TL;DR - word2vec is awesome, it's also really simple. Learn how it works, and implement your own version.
Since joining a tech startup back in 2016, my life has revolved around machine learning and natural language processing (NLP). Trying to extract faint signals from terabytes of streaming social media is the name of the game. Because of this, I'm constantly experimenting and implementing different NLP schemes; word2vec being among the simplest and coincidently yielding great predictive value. The underpinnings of word2vec are exceptionally simple and the math is borderline elegant. The whole system is deceptively simple, and provides exceptional results. This tutorial aims to teach the basics of word2vec while building a barebones implementation in Python using NumPy. Note that the final Python implementation will not be optimized for speed or memory usage, but instead for easy understanding.
The goal with word2vec and most NLP embedding schemes is to translate text into vectors so that they can then be processed using operations from linear algebra. Vectorizing text data allows us to then create predictive models that use these vectors as input to then perform something useful. If you understand both forward and back propagation for plain vanella neural networks, you already understand 90% of word2vec.
Word2vec is actually a collection of two different methods: continuous bag-of-words (CBOW) and skip-gram1. Given a word in a sentence, lets call it w(t) (also called the center word or target word), CBOW uses the context or surrounding words as input. For instance, if the context window C is set to C=5, then the input would be words at positions w(t-2), w(t-1), w(t+1), and w(t+2). Basically the two words before and after the center word w(t). Given this information, CBOW then tries to predict the target word.

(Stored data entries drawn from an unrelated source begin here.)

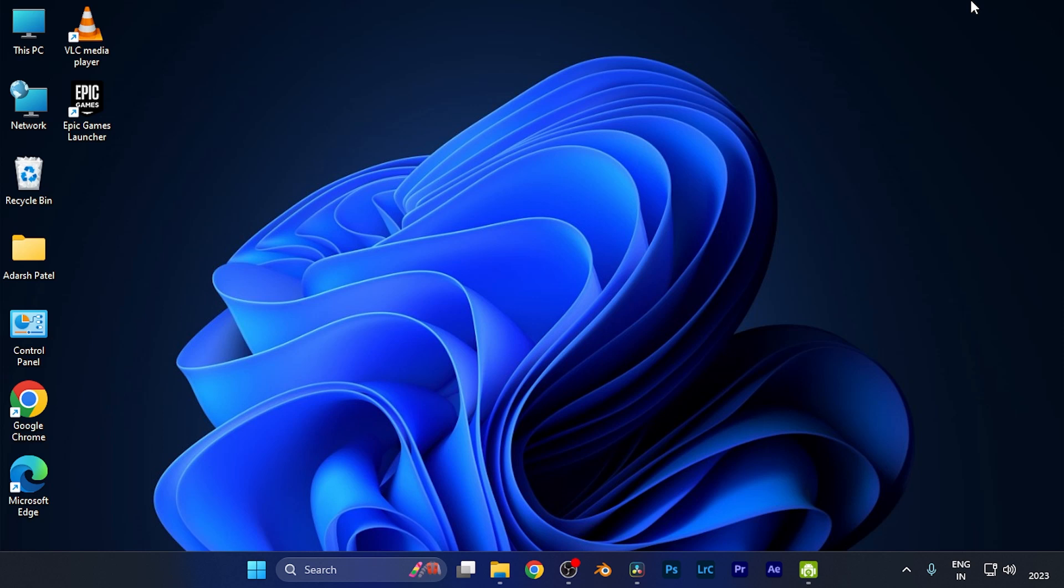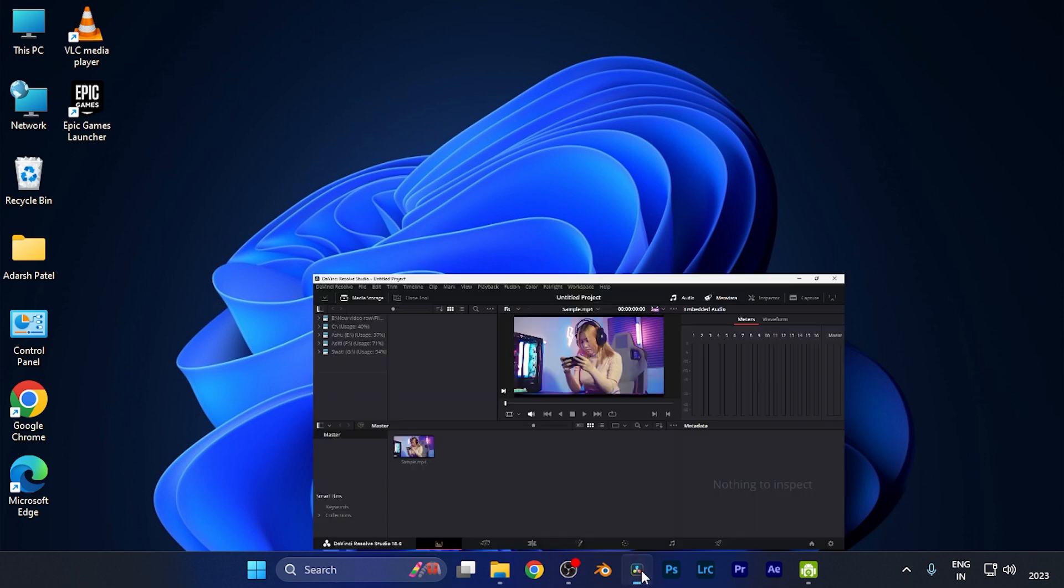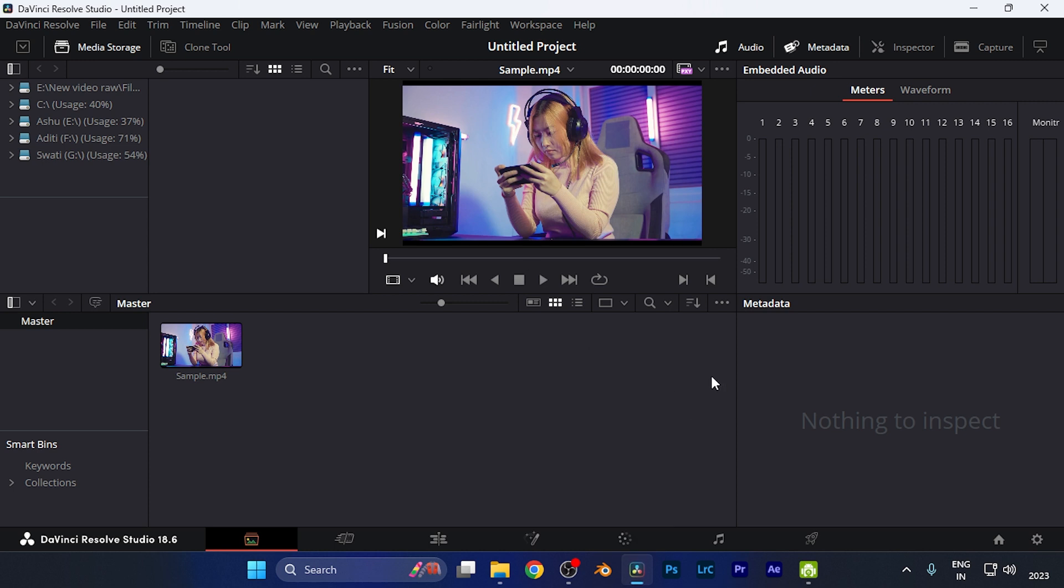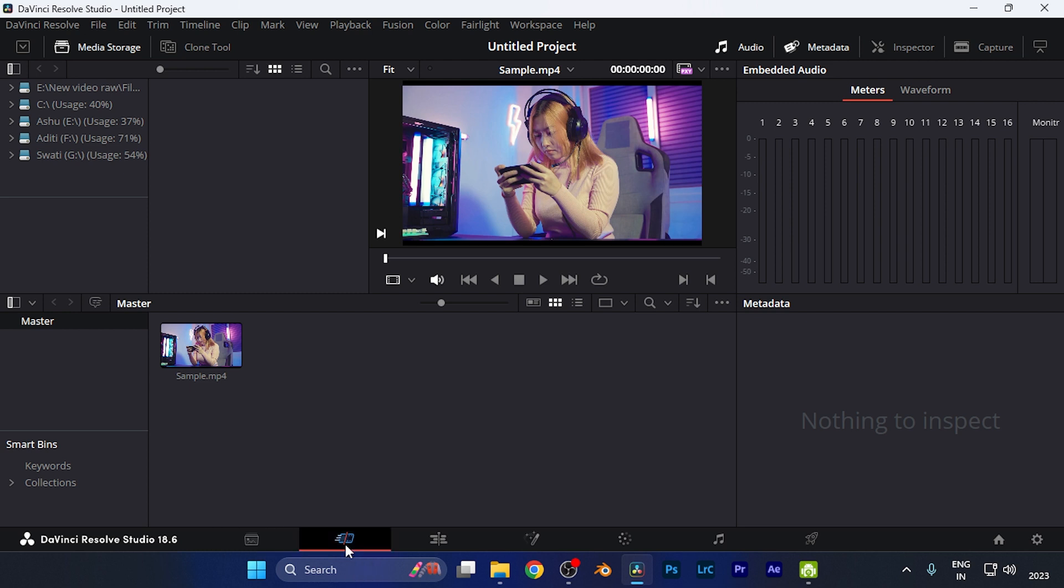Hey everyone, in this quick tutorial we're going to discuss how to switch to cut workspace, which is the most simplified version for editing in DaVinci Resolve software. All you need to do is open DaVinci Resolve, and in the media window, first import the media files. Once you're done importing, click this icon which says 'cut'.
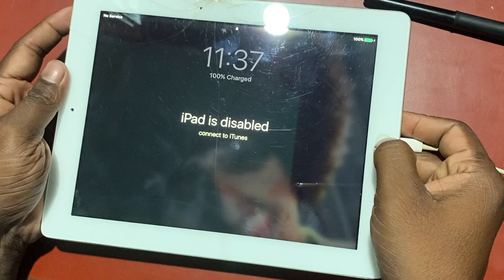In this scenario, we can activate the iPad but data will be lost if it was not backed up in iCloud.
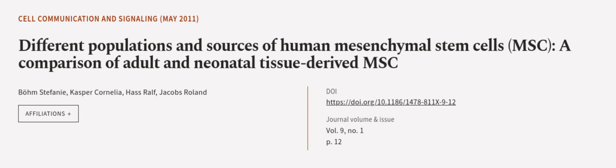This article was authored by Bohm Stefani, Casper Cornelia, Hass Ralf, and others.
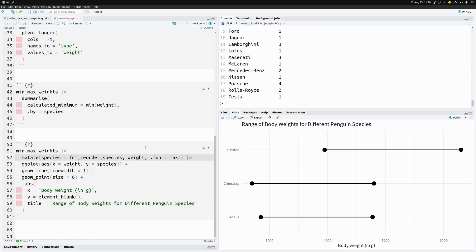Once you move beyond the simple setting of one observation per group, you'll need to tweak the `fun` argument, and then you can sort everything you want in your chart. Let me know in the comments if you have any questions, and check out the blog post linked in the description. Thanks for watching and I'll see you in the next video!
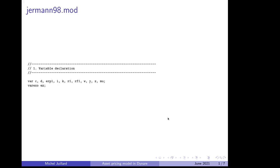The Yermann model is implemented in the file Yermann98.mod. As usual, we start with variable declaration, so the endogenous variables are C for consumption,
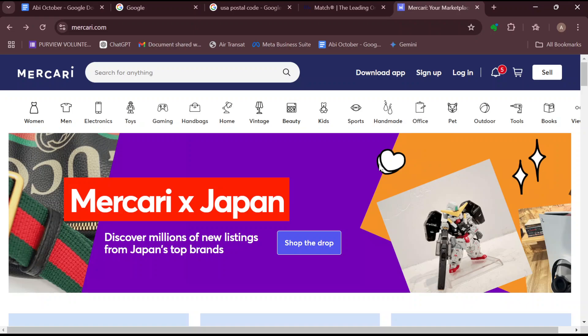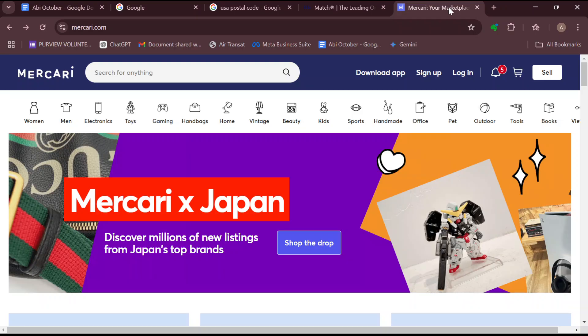How to log in on Mercari. Hello everyone, welcome to another tutorial. In this tutorial, I'll show you how you can log in on Mercari. And this is how to do it.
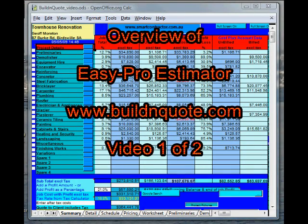Hi, I'm Giz, and this is my construction estimating program. I'm a builder, I live in Melbourne, and this program has been around for five or six years and it's in use by thousands of builders throughout the world.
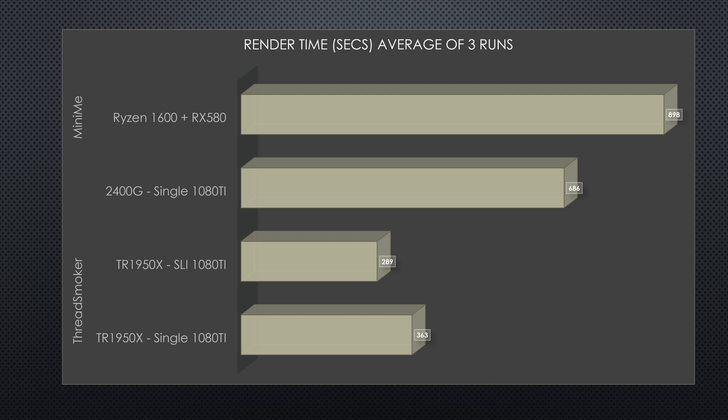You can see that the render times, I'll remind you, it was close to 55 minutes when it was the 2400G with integrated graphics. Now it's down around 15 minutes through the exact same timeline. The 2400G with the 1080 Ti in it ran right about 11 minutes.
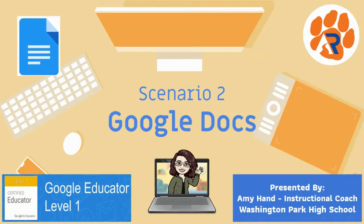Welcome back to the video tutorials to help you through the Google Level 1 certification exam. In this video we're going to talk about Scenario 2, which you need to use Google Docs to complete.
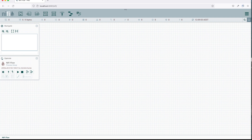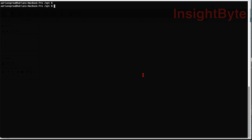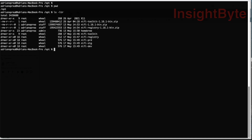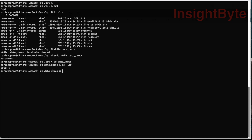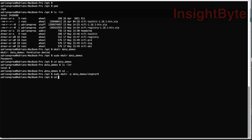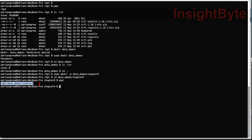Let's first open our terminal and go to our opt folder. I'm already here and I have all my installs here. I'm going to create a new folder to hold our data — I'll call it data-demos. I need to use sudo in my case. Now let's create another folder — let's call it chapter 9 — using the minus-p flag. Now we have our working area where we can write and read data.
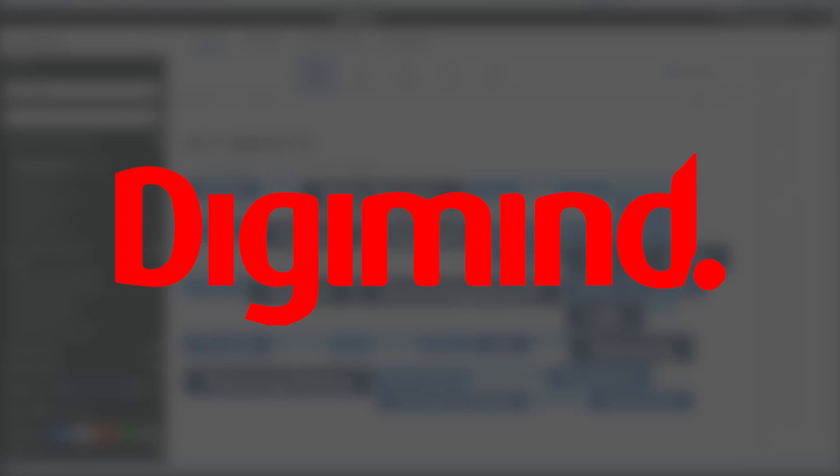Welcome. Today we'll be looking at Digimind, a social media monitoring tool.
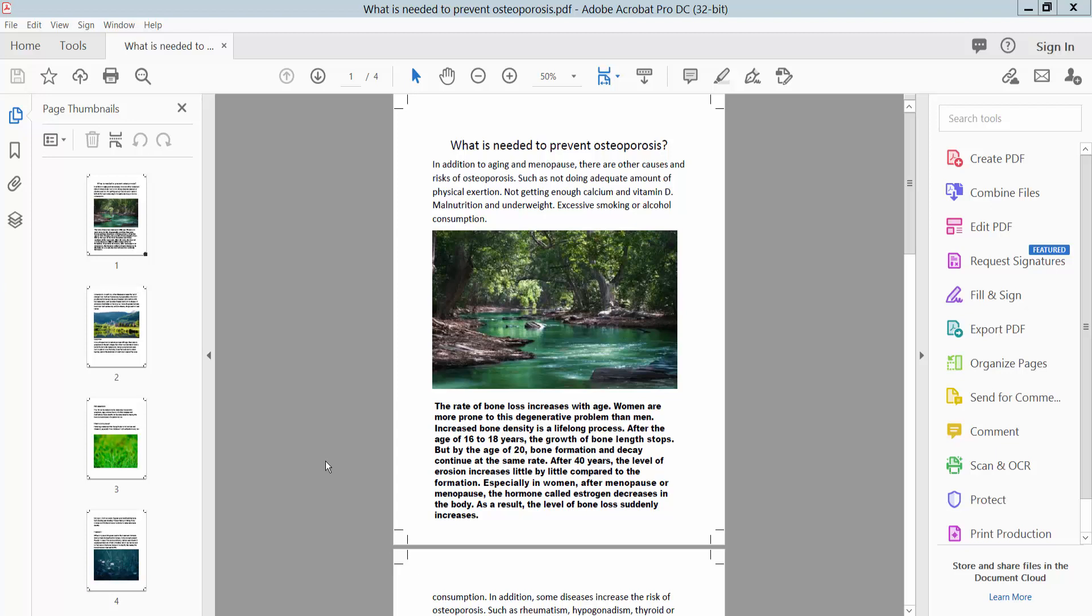Hello everyone, today I will show you how to remove corrupt marks from a PDF file using Adobe Acrobat Pro DC.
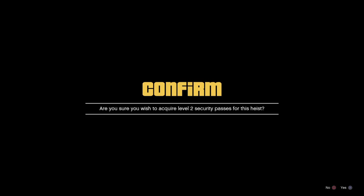Security pass, you've got to press right. We want level 2 though, right? Acquire level 2? Yeah, let's do that.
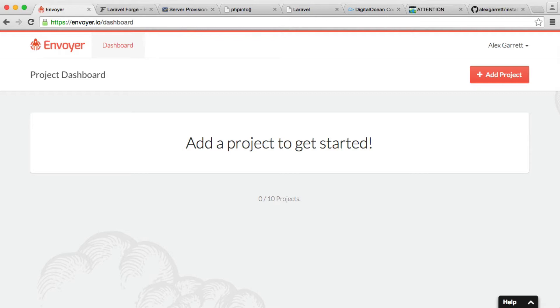We spoke earlier about Forge's ability to deploy code directly from our GitHub project if we link our account up, which is great. For most people, this is enough. However, Envoyer offers zero downtime deployment. And I guess this concept probably needs some explaining.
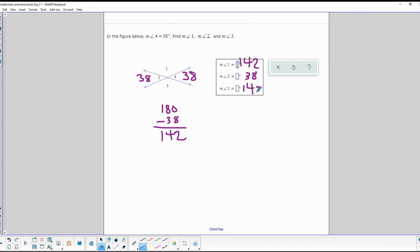The reason we subtract from 180 is because these two adjacent angles add up to 180. So 180 minus 38 gives us the missing angle.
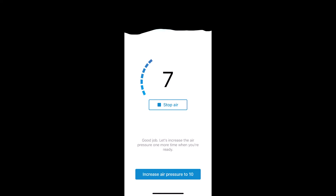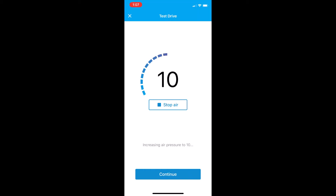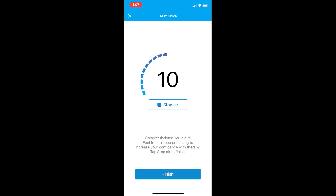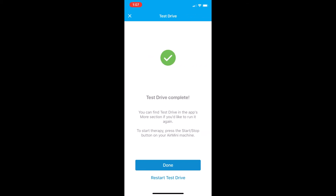Good job! Let's increase the air pressure one more time — increasing air pressure to 10. This is as high as we'll go during our test drive. You're almost done. Congratulations, you did it! Test drive complete. You can find test drive again in the app.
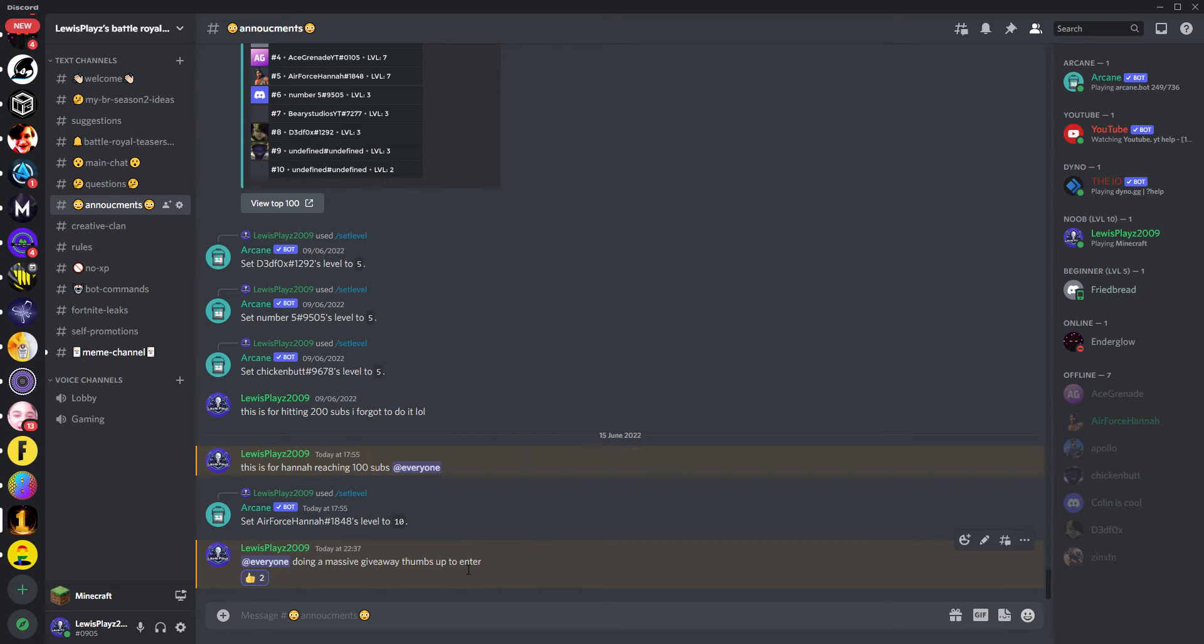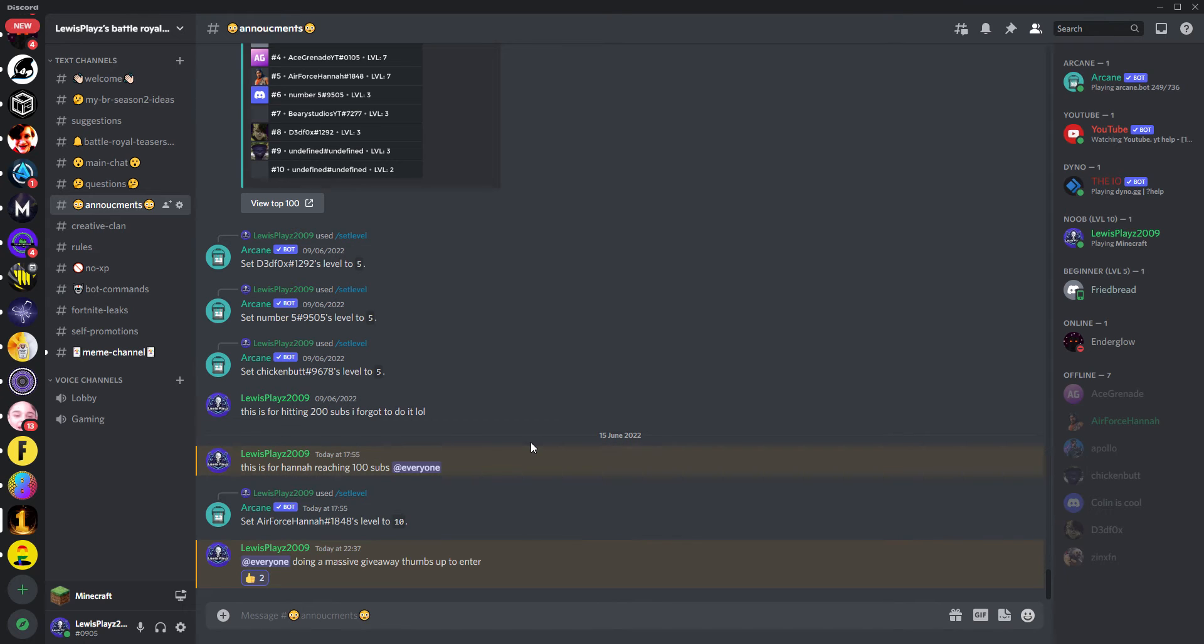So if you do want to participate, then drop a like, subscribe, join the Discord server. I really hope you can link it because I really can't be bothered, because I'm literally just about to go to sleep at school. And also use code LEWISPLAYS in the Fortnite item shop.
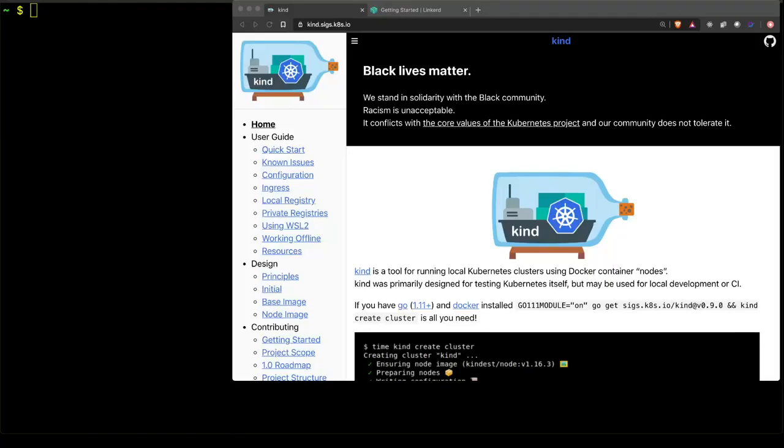Hello, and welcome to this Getting Started with Linkerd Service Mesh introduction video. In this video, we're going to install Linkerd onto a locally running Kubernetes cluster in Kind.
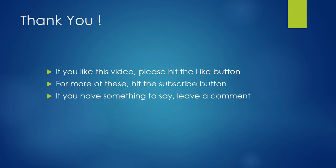Okay, you have learned Merge Sort. If you like this video, please hit the like button. For more of these, hit the subscribe button and I'll see you next time. Bye.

The second method, skip-gram is the exact opposite. Instead of inputting the context words and predicting the center word, we feed in the center word and predict the context words. This means that w(t) becomes the input while w(t-2), w(t-1), w(t+1), and w(t+2) are the ideal output. For for this post, we're only going to consider the skip-gram model since it has been shown to produce better word-embeddings than CBOW.
The concept of a center word surrounded by context words can be likened to a sliding window that travels across the text corpus. As an example, lets encode the following sentence: "the quick brown fox jumps over the lazy dog" using a window size of C=5 (two before, and two after the center word). As the context window slides across the sentence from left to right, it gets populated with the corresponding words. When the context window reaches the edges of the sentences, it simply drops the furthest window positions. Below is what this process looks like. Note that instead of w(t), w(t+1), etc., the center word has become xk and the context words have become yc.
Because we can't send text data directly through a matrix, we need to employ one-hot encoding. This means we have a vector of length v where v is the total number of unique words in the text corpus (or shorter if we want). Each word corresponds to a single position in this vector, so when embedding the word v_n, everywhere in vector v is zero except v_n which becomes a one. Below in Figure 3, a one-hot encoding of examples 1, 5, and 9 from Figure 2 above.
→ For future reference, the column vectors \( y_{c=1},...,y_{c=C} \) are referred to as panels.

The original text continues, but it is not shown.